Расцвет национального кино не остался незамеченным и за пределами страны: в 1960–90-х мир вновь и вновь очаровывался Азией, сперва Японией, затем Китаем, а в начале нулевых настала очередь Южной Кореи. Целый отряд талантливых режиссеров быстро вошел в число мэтров искусства: Ким Ки Дук («Весна, лето, осень, зима… и снова весна»), Пак Чхан-ук («Олдбой»), Квак Чжэ-ен («Дрянная девчонка»), Пон Чжун-хо («Воспоминания об убийстве»), Ким Чжи-ун («Горечь и сладость») стали одними из первых, кто покорил мировой кинематограф и начал сотрудничество с западными кинокомпаниями. Вслед за ними, уже в наши дни, в мире поднялась «вторая волна» любви к южнокорейскому кино, что подтверждает его жизнеспособность, давая экспертам право говорить не об отдельных выдающихся мастерах, а о национальной «школе».
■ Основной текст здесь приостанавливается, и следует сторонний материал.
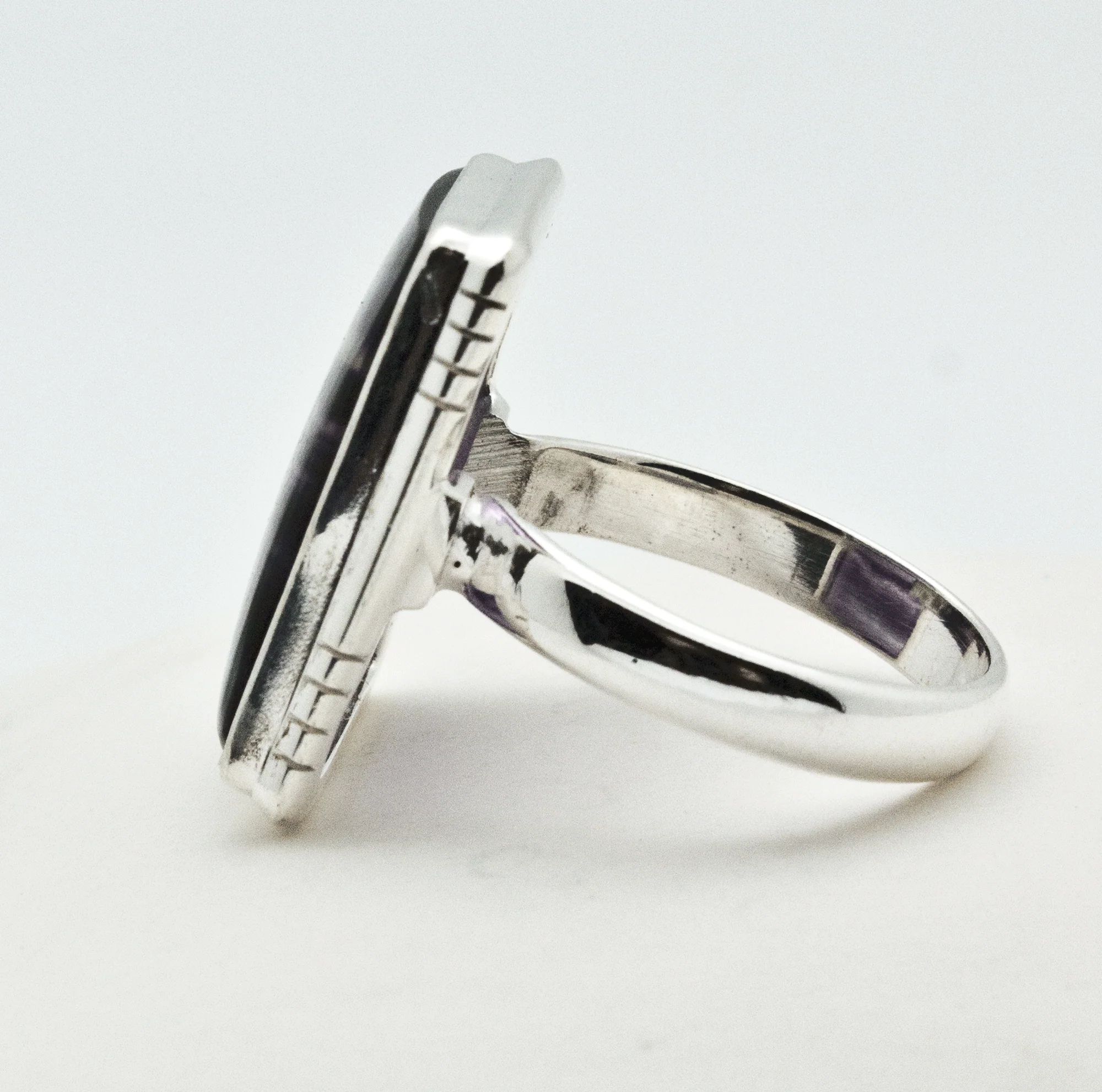 Sterling Silvewr Rainbow Fluorite Ring Size 9 - Image 3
Ен Сан-хо влюбил в себя поклонников боевиков кровавым «Поездом в Пусан» про зомбиапокалипсис, Би Гань очаровал всех почти тарковской тоской в «Кайлийской меланхолии», а немолодой, но «вновь открытый» Ли Чхан-дон на недавнем Каннском кинофестивале стал самым обсуждаемым режиссером благодаря остросоциальному и парадоксальному фильму «Пылающий».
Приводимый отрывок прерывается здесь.